El 25 de mayo pasado se jugó la final de veteranos. Al leer esta nota a cualquier hincha de River lo primero que se le viene a la cabeza es por qué mierda el Enzo no se pone la 9 de la banda y nos dejamos de joder. Y, tal vez, no estaría mal discutir en serio ese tema.

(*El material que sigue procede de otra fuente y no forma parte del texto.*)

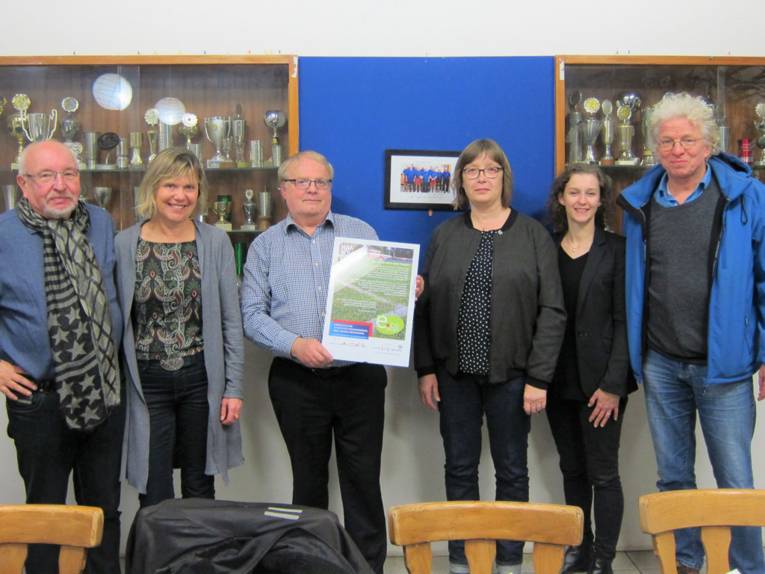 Übergabe des e.coSport Posters zur Abschlussveranstaltung von TuS Marathon mit Bernd Leineweber, Angela Plenz, Christian Münzberg, Ute Heda, Katharina Schlegel-Arndt, Christian Grubert

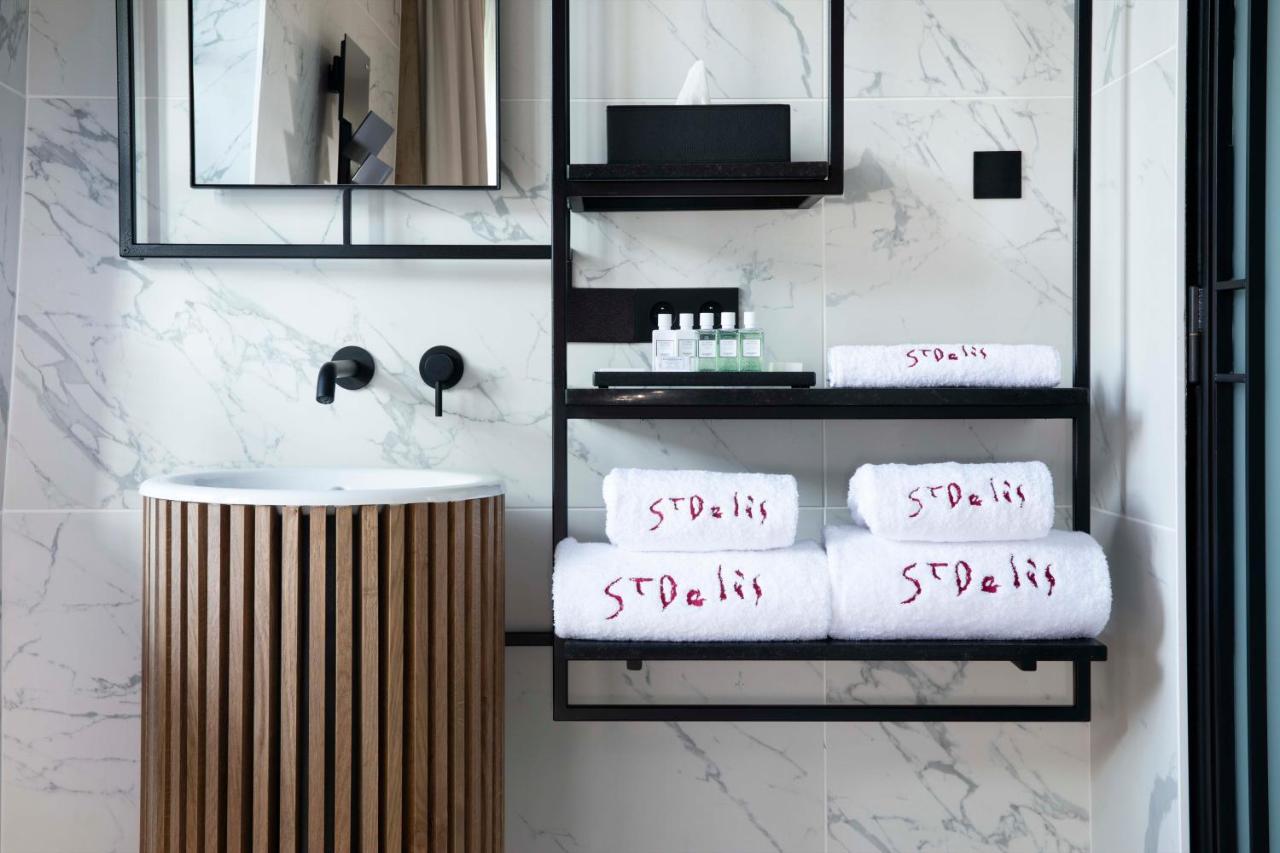 Superior Room steam shower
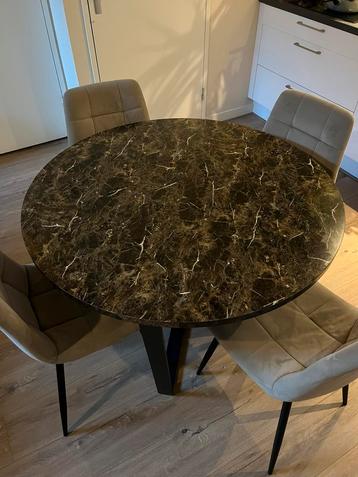 TE KOOP! Marmer look eettafel !!MOET WEG VOOR 28FEB!! beschikbaar voor biedingen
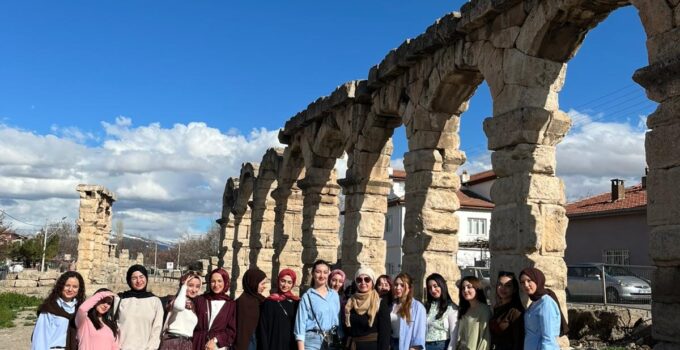 “Toplumsal Katkıda Yeni Yaklaşımlar ve Bölgesel İş Birliği” Temalı Çalıştay
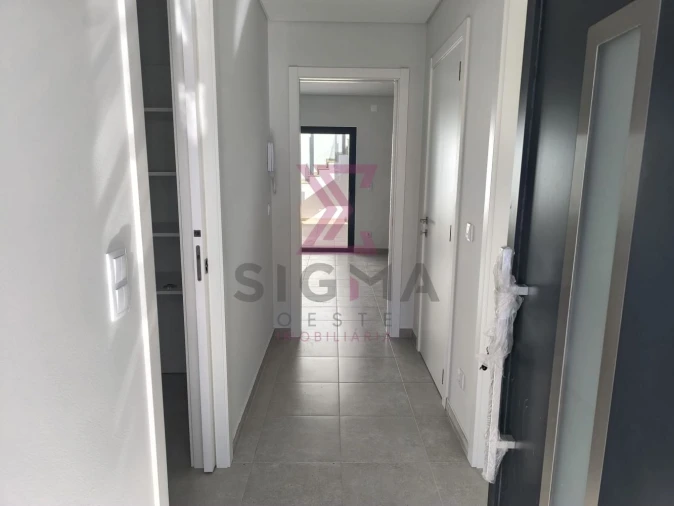 Moradia T2 para Venda em Bombarral e Vale Covo Foto 5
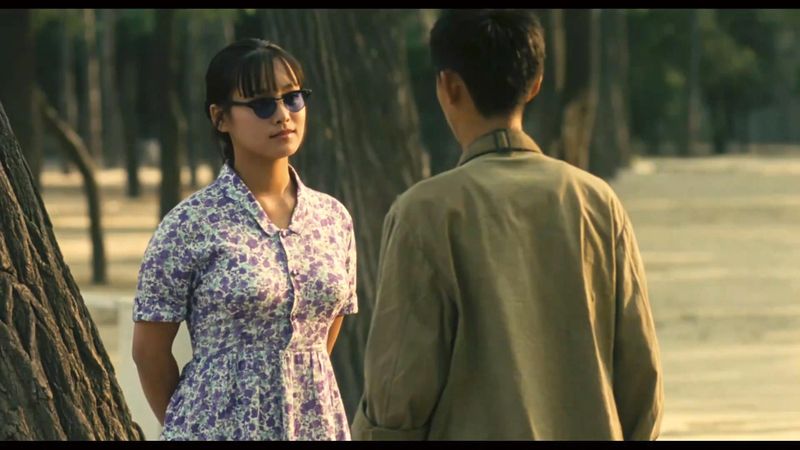 In In the Heat of the Sun, the teenage protagonist tries to woo a stylish woman with a full figure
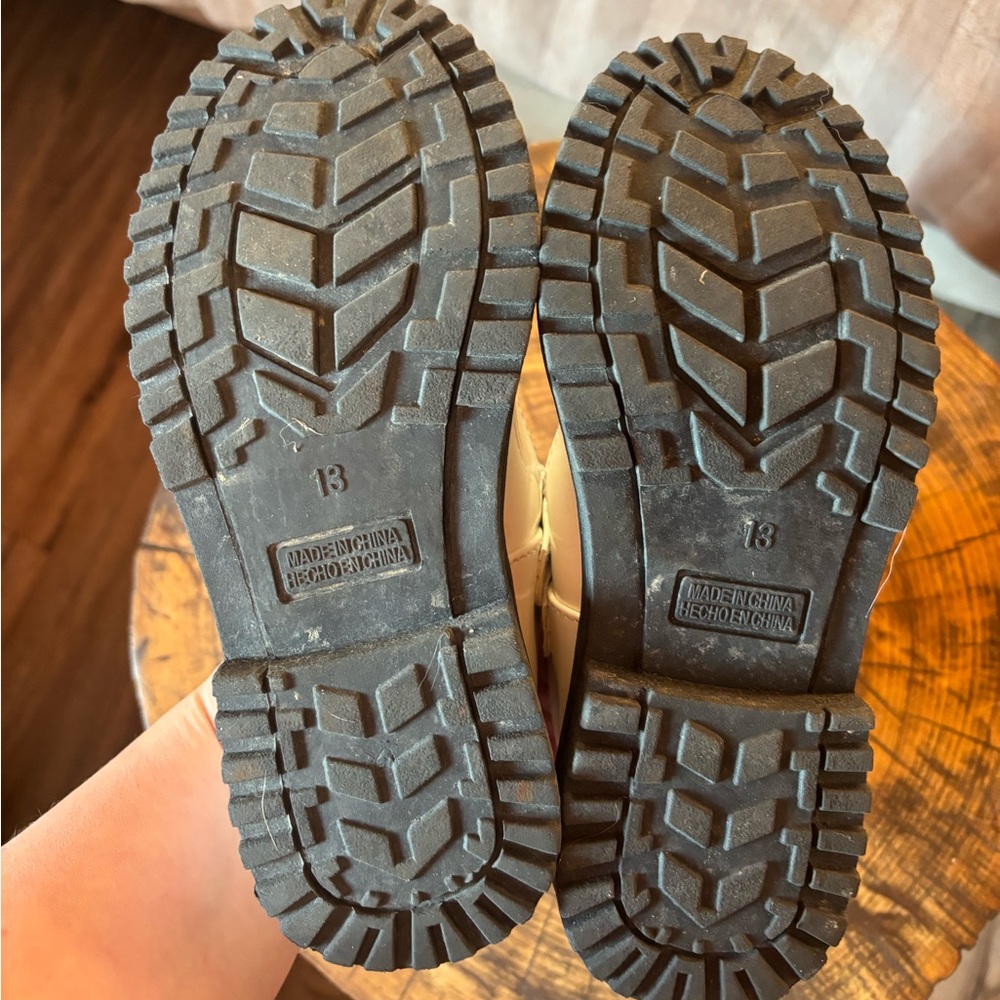 Old Navy / Girls White Mary Jane Shoes - Picture 4 of 4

Pero, accidentalmente, mi ojo se puso en otro lado. En la foto, el jugador de Argentinos que está por recibir el pelotazo es Tito Corsi. Tito Corsi la rompía en el patio de la Castrense, la iglesia que queda en Cabildo al 400. En su patio había una canchita de baldosas que abría sus puertas todas las tardes de 3 a 5 (ni un minuto antes, ni un minuto después) a todos aquellos pibes que querían acercarse a Dios a través de la pelota. Un camino válido, si se quiere, pegándole a tres dedos o de puntín.
Tito hacía lo que quería a los 14 o 15 años. Tiraba seguidillas de caños, la mataba con el pecho, le pegaba de volea, tijeras, chilenas, de zurda, de derecha. Era generoso en el pase y solidario en la marca. Además, tenía una jugadita marca registrada: en plena carrera, pisaba la pelota, como parándose un segundo sobre ella y volvía a arrancar casi sin frenar. Era inevitable. Aunque sabías que te lo iba a hacer, te dejaba parado como un boludo. Tito era buen pibe, un flaco alto de esos que tienen el torso más largo que las piernas. Andaba siempre sonriendo. Pero no iba a misa. Pronto le perdí el rastro.
Cuando apareció en la primera de Argentinos (por los ochenta, más o menos), me acordé de sus pinceladas en el ámbito eclesiástico, esa gracia para moverse, la fina estampa de un crack. Me llamó la atención que Tito fuera considerado un mediocampista rústico, tosco y casi intrascendente. Inclusive tildado de mala leche en algún que otro partido. Pasa, supongo, con los que conocimos a alguien que después se hace famoso: no nos olvidamos lo que alguna vez dijeron de él. No lo supieron apreciar.
Los otros días Tito se enfrentó en la cancha con ídolo de toda mi vida. Pero que me perdone, yo en su lugar no me tapaba la cara. Hubiera rezado para que el pelotazo me pegara en un ojo para luego poder decir que el moretón me lo había hecho el Enzo Francescoli.